━━━━━ Data ━━━━━

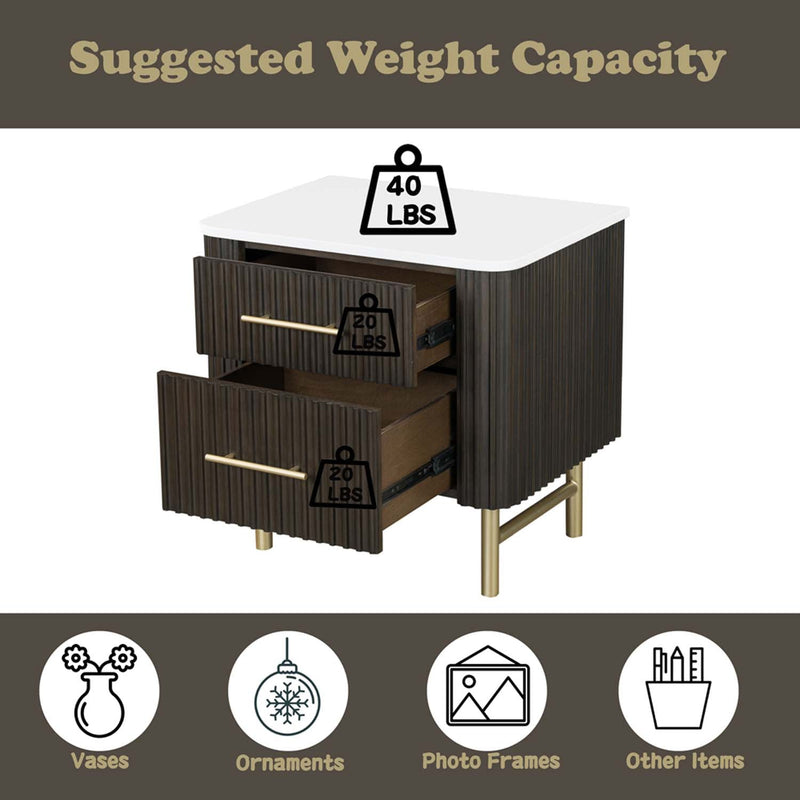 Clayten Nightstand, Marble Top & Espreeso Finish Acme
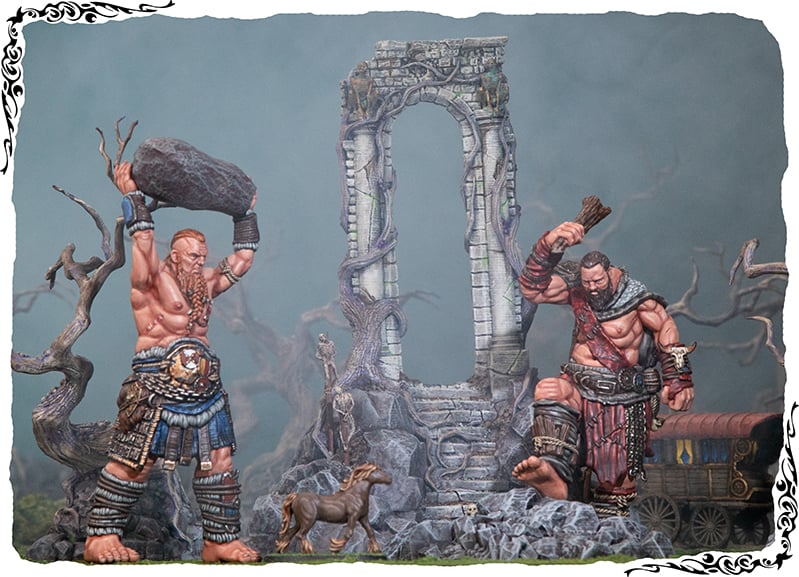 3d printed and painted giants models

━━━━━
━━━━━ Data ━━━━━

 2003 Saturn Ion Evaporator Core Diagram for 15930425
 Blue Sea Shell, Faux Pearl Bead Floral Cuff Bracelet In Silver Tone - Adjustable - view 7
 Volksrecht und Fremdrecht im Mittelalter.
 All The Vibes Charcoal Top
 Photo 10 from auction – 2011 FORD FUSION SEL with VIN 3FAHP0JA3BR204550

━━━━━

§ What the exercise asks: What do the lines above say from the one containing "All The Vibes Charcoal Top" down to the one containing "Photo 10 from"? Return them exactly, both end lines included, and only them.

§ Reply:
 All The Vibes Charcoal Top
 Photo 10 from auction – 2011 FORD FUSION SEL with VIN 3FAHP0JA3BR204550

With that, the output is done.